30 October 2013
The works of Gary Gildner, Richard Hague, and Langston Hughes all relate to the same central ideal of experiencing a new situation for the first time. In “Directions for Resisting the SAT” by Richard Hague, the poem illustrates what is needed in order to excel on the SAT and the college process. In “First Practice” by Gary Gildner, the speaker describes a scene of a group of young men face-to-face on the first day of practice. And Langston Hughes’s short story “Thank you, Ma’am” depicts a young man who finds himself in an odd predicament after attempting to steal a purse. These readings again relate to the idea of new experience, however painful or awkward or even time consuming, may lead to a better life and better understanding of the world around you.

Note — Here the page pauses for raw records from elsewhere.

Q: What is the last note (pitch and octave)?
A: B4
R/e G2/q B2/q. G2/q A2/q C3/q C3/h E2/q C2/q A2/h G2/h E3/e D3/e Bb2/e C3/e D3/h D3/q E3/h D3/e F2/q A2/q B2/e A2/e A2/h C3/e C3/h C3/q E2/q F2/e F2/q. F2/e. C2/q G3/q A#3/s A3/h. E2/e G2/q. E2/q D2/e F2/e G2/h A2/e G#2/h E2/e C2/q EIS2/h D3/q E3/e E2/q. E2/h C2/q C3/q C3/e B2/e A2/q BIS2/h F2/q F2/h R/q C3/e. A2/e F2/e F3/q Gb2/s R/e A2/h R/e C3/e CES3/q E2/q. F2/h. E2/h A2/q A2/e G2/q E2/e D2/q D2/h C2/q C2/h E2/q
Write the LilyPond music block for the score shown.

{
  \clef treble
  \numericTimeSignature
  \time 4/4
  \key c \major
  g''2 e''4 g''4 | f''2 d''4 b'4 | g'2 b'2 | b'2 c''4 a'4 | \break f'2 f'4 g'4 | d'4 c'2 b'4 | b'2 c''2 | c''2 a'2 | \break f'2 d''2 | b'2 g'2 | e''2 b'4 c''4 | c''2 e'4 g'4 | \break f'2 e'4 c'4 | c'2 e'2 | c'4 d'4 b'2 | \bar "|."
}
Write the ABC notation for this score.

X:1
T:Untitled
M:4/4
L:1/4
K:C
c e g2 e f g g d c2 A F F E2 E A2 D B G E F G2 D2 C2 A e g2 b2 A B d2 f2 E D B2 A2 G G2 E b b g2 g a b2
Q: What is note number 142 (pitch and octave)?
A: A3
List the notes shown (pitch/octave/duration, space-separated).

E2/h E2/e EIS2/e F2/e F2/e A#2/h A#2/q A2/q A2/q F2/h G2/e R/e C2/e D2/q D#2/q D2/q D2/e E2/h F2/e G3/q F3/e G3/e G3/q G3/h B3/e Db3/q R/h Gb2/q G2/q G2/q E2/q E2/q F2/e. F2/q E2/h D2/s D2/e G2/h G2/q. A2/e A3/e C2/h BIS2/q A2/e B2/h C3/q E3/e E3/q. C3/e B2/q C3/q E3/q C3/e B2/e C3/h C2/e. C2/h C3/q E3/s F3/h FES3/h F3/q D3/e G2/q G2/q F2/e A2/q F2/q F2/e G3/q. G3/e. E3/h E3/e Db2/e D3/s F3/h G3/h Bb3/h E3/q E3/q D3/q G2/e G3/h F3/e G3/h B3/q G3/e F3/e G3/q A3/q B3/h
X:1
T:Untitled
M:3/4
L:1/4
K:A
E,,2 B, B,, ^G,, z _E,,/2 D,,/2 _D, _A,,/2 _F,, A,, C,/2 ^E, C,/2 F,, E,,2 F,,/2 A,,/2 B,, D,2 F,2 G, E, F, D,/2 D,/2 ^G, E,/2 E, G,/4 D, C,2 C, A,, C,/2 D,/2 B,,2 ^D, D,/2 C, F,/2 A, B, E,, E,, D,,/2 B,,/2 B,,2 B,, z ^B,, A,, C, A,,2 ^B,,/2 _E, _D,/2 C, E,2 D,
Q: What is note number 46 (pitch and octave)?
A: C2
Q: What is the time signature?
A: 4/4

The first poem “Directions for Resisting the SAT” by Richard Hague sheds light on the struggle of today’s youth attempting to attend college. Society has placed a burden on the young that everyone must go to college and before that may happen you must complete a standardized test to gauge how you have done. The speaker of the poem renounces the SAT, “Do not believe in October or May/ or in any Saturday morning with pencils.”(Hague 270) The speaker attempts to stress the importance of moving through this hard time in your life. Not to worry about a test but rather the social aspect of being young.
The poem by Gary Gildner, “First Practice” depicts a group of young men on the first day of practice, as the title alludes to. The speaker depicts a scary idea of the first day of practice. A man by the name of Clifford Hill brings them to a dark place to presumably beat each other senseless. From this act the coach believes that the men will be toughened, “Ok, he said, he said I take/ that to mean you are hungry/men who hate to lose as much as I do”(Gildner 275). The coach believes that the best way to toughen and make a team stronger is to only have those strong enough to do so. But once they have, they can become champions and win like champions.
The short story by Langston Hughes “Thanks, Ma’am” is a favorite of mine and I have read it several times before as early as the fifth grade. The young boy attempt to steal a purse is thwarted by the broken strap and the weight of it. The boy brought back to the home of his victim, feels quite awkward for the entire ordeal. But the woman gives him a chance and fixes him up and gives him money. The women perception of the young boy of having potential is quite an awkward situation but believes the boy could be destined for greater things. Mrs. Jones states “”Well you didn’t have to snatch my pocketbook to get some suede shoes,” said Mrs. Luella Bates Washington Jones. “You could of asked me”” (Hughes 508). Although given the opportunities Rodger does not run and through this uncomfortable situation changes right in front of the reader as a respectable young man instead a delinquent.
This past Monday I attended the Modern Masters presentation given by the Pulitzer Prize winner, Robert Olen Butler. Butler read several short stories all-pertaining to the central idea of death. The poem that most intrigued me was a classic known to some but was new to me, called “Jealous Husband Returns as a Parrot.” Just as the title implies a man is reincarnated into a parrot where he lives in the house of his wife and witnesses her different sexual partners. The story shows that what may happen if you dwell on the unknown. You will end up dying searching for the truth. The story ends with the parrot flying into a window essentially killing him in order to avoid the truth that his wife has taken new partners after his passing.
The event and assigned works this week all pertain to the idea that new experiences although rather irritating help educate and open new physical and metaphorical doors for each individual. A second chance in “Thank you, Ma’am” gives a boy a second choice and avoids jail time. “Directions for Resisting the SAT” renounces the SAT as a proper gauge and gives a guideline to the reader on how to live your life as a youth in modern times. And in “First Practice” young men are placed in a situation of potential pain, but on the other side is victory and fame. New experiences present an option for us all to make a new and create a new opportunity.
Gildner, Gary. Poetry: An Introduction. Ed. Michael Meyer.
Boston-New York: BedFord/ St. Martins. 2013. 275. Print.
Hague, Richard. Poetry: An Introduction. Ed. Michael Meyer.
Boston-New York: BedFord/ St. Martins. 2013. 270. Print.
Hughes, Langston. Words of Fiction. Ed. Roberta Rubenstein and Charles Larson.
Upper Saddle River: Pretence Hall, 1993. Print.